Solve the following second-order differential equation: $\ddot{x} + \dot{x} = 5t\cos(t) + 4\sin(t)$ I am trying to solve the following second-order differential equation: 
$$\ddot{x} + \dot{x} = 5t\cos(t) + 4\sin(t).  (*)$$
I know that if the equation had instead been:
$$\ddot{x} + \dot{x} = 5t[\cos(t) + 4\sin(t)],$$
then I could have tried a solution of the form:
$$x(t) = P_1(t)\cos(t) + P_2(t)\sin(t),$$
where $P_1(t), P_2(t)$ were linear polynomials.
In fact, I initially tried such a solution for $(*)$, but did not obtain a correct answer.
How could I go about solving $(*)$, please?
 A: is it not easier to solve the first order equation $$\dot y + y = 5t\cos t + 4\sin t, y = \dot x.\tag 1$$
try a particular solution of the from $$y = a\cos t + b \sin t + ct\sin t,\\
\dot y = -a \sin t + b \cos t+c\sin t +ct\cos t\tag 2$$
subbing $(2)$ in (1), you get $$ct\cos t +(a+b)\cos t +(-a+b)\sin t = 5t\cos t+4\sin t $$ equating the coefficients give,
$$c = 5, b=2, a= -2. $$ therefore $$y =\dot x =-2\cos t+ 2 \sin t+5t\sin t$$ integrating once gives you $$x = -2\sin t - 2 \cos t+ 5\int_0^tt\sin t\, dt= -2\sin t - 2 \cos t -5t\cos t +5\int_0^t \cos t\, dt\\
=-2\sin t - 2 \cos t -5t\cos t + 5\sin t = 3\sin t - 2\cos t-5t\cos t 
$$
so a particular solution is $$x = 3\sin t - 2\cos t-5t\cos t. $$
A: Let's substitute $x'=y$ and solve
$$y'+y=5t\cos{t}+4\sin{t}$$
The homogeneous equation has got a general solution of the form $y(t)=Ce^{-t}$.
Let's look for a solution of the equation above of the form $y(t)=C(t)e^{-t}$. substituting we get
$$C'(t)e^{-t}=5t\cos{t}+4\sin{t}$$
So
$$\begin{align} C(t)&=\int e^{t}\left(5t\cos{t}+4\sin{t}\right)dt\\
&=\frac{e^t}{2}\left((5t-1)\sin{t}+(5t-4)\cos{t}\right)+K
\end{align}$$
Whence
$$y(t)=\frac{1}{2}\left((5t-1)\sin{t}+(5t-4)\cos{t}\right)+Ke^{-t}$$
And
$$x(t)=(5t+1)\sin{t}-(5t-6)\cos{t}+Me^{-t}+L$$
Where $M$ and $L$ are constants
A: We can solve this using undetermined coefficients.

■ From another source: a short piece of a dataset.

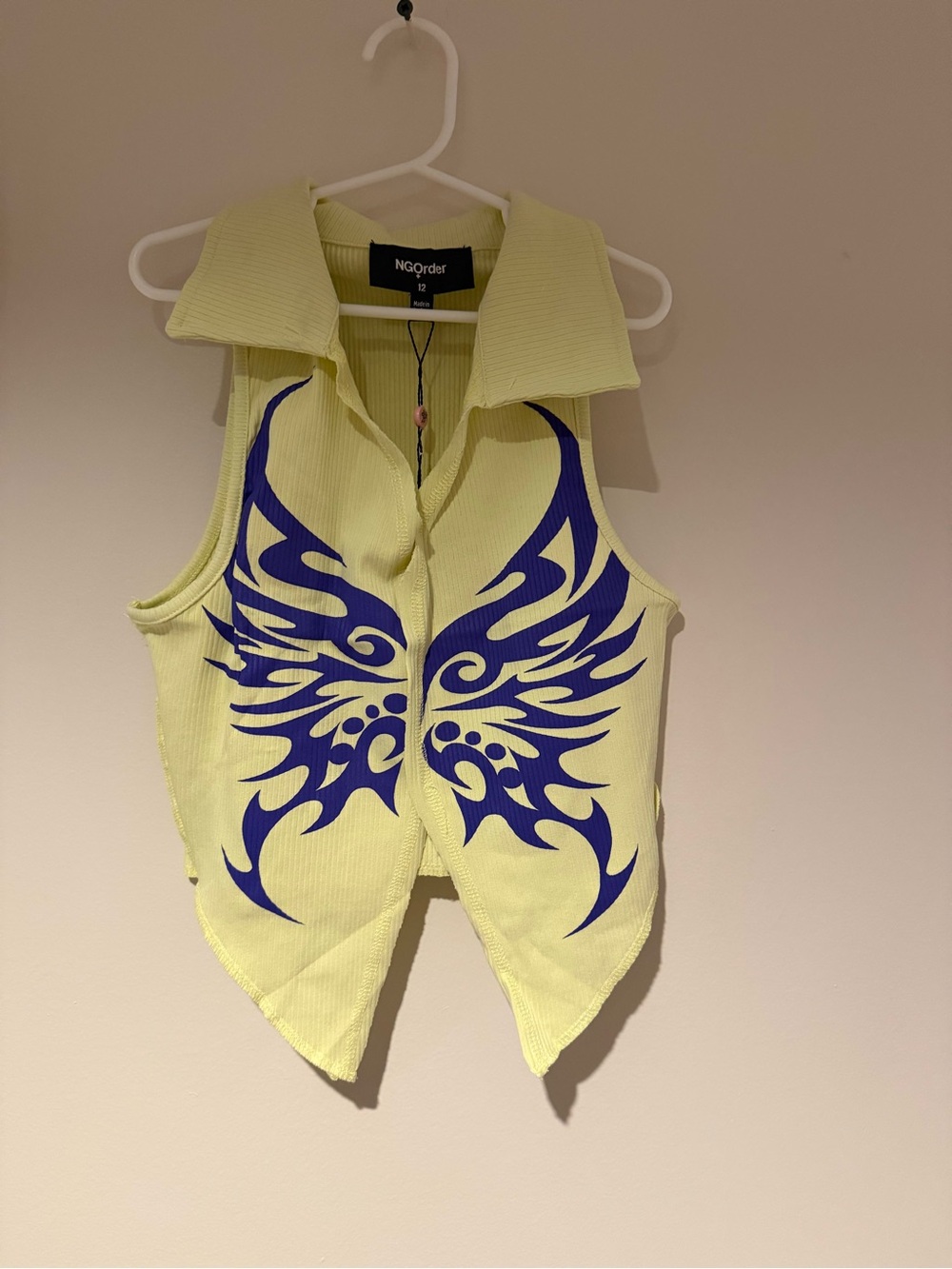 NGO yellow Y2K collared crop tank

The complementary solution is found by solving
\begin{equation*}
x''+x'=0.
\end{equation*}
Substituting $x=e^{\lambda t}$ and factoring out $e^{\lambda t}$ gives
\begin{equation*}
(\lambda^2+\lambda)e^{\lambda t}=0.
\end{equation*}
The zeros must come form the polynomial giving $\lambda =-1$ or $0$. The general solution is given by
\begin{equation*}
x=x_1+x_2=\frac{c_1}{e^t}+c_2.
\end{equation*}
The particular solution is of the form 
\begin{equation*}
x_p=a_1\cos(t)+a_2t\cos(t)+a_3\sin(t)+a_4t\sin(t).
\end{equation*}
Compute $x'_p$ and $x''_p$ and substitute into the differential equations. To determine $a_1,a_2,a_3,a_4$, equate the coefficients.